重症外科疾患急性期を担うACSは,大変そうであると思われるかもしれないが,実際は,ワークライフバランスが保ちやすく,女性が多く活躍する分野である.勤務体制はシフト制となることが多く,家庭との両立がしやすい.習熟すべき手術手技は,外傷と上述した八つの病態に対する七つの手術と,ある程度限定されており,特殊技術に卓越することを目指すよりも,標準的な外科手技を標準的な質でタイムリーに行うことが求められるため,他のサブスペシャルティに比べると技術維持は比較的容易であり,家庭の事情で超過勤務が出来ない状況でも,自分のシフトさえしっかりこなせば,継続することが可能である.

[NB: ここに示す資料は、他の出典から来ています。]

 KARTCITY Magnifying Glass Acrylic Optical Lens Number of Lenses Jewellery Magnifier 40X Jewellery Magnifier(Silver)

Fosterらは,米国の医学領域での女性の割合は,医学部卒業生の47%,外科レジデントの38%,外科医全体の22%であるが,外科集中治療専門医(ACSに必要な専門医資格)では28%が女性であり,ACS外科医の中の女性の割合は,外科医全体の女性の割合より高かったと報告した.さらに,米国外傷外科・ACS学会は,リーダーシップをとる役員などの重要ポジションの30%以上が女性であり,外科医全体の女性の割合よりも高く,当分野での女性の進出を示した3).
III.米国の女性外科医のリーダーシップの状況
米国においては,35年前にAssociation of Women Surgeonsが結成され,女性外科医が男性外科医に比し,リーダーシップを担う立場になれない原因が調査され,その結果,性差別,ロールモデルやメンターシップの欠如,ワークライフバランスに関する懸念が原因として指摘され,改善するための努力がなされてきた.2015年のAssociation of American Medical Colleges FACTSおよびGraduate Medical Educationのデータベースに解析では,米国外科医のうち,各職位で女性の占める割合を1994年と2015年で比較すると,教授職では3.4%から9.8%に(平均年次増加率0.3%),准教授職では8.2%から19.2%(平均年次増加率0.6%)に,講師職では14.7%から25.0%(平均年次増加率0.5%)に増加していた.さらに,外科各サブスペシャルティにおける女性外科医の割合および平均年次増加率が最も高かったのはACS(42.7%,平均年次増加率1.4%)であり,理由として,ワークライフバランスの保ちやすさが挙げられた.この解析によれば,男女比率が均等になるまでにかかる時間はACSでは6年と算出され,他のサブスペシャルティのなかで最も早いと予想されている4).
IV.日本の状況
Konoらは,Japanese National Basic School Survey dataを用いて,1980年から2018年までの日本の大学の医学部もしくは教育病院における各職位の女性の割合を算出した.教授職の女性の割合は,1990年代まで2%程度だったものが,2004年には10%までに達していたが,そこでプラトー状態となっていた.一方,講師職の女性の割合は,持続的に増加傾向で,2018年には29.7%と,その時期の医師全体の女性の割合(21.1%)よりも高かった.この現象からは,講師にまで進める女性は増えたが,そこから先,教授になるには,「ガラスの天井」があるように見える.この問題を解決させるために,以下4項目が提案された:①女性の学術面での発展をサポートするプログラムを確立させる,②長時間労働が出来ない若い女性ファカルティのロールモデルとなれる強力なメンターを支援する,③女性ファカルティのリーダーシップと研究の技術の促進,④日本の医学校のファカルティの中の女性の比率を設定する5).
V.おわりに
米国において,ACSは女性外科医の増加率が最も高い分野であり,女性がリーダーシップをとる機会が多い.ACS女性外科医増加は女性外科医全体のロールモデルやメンターシップの増加につながり,ひいては,リーダーシップの増加につながる可能性があるのではないだろうか.女性外科医が良好なワークライフバランスで仕事を継続できるようになることでマンパワーが担保され,女性のみならず,外科医全体のQuality-of-lifeが改善する可能性がある.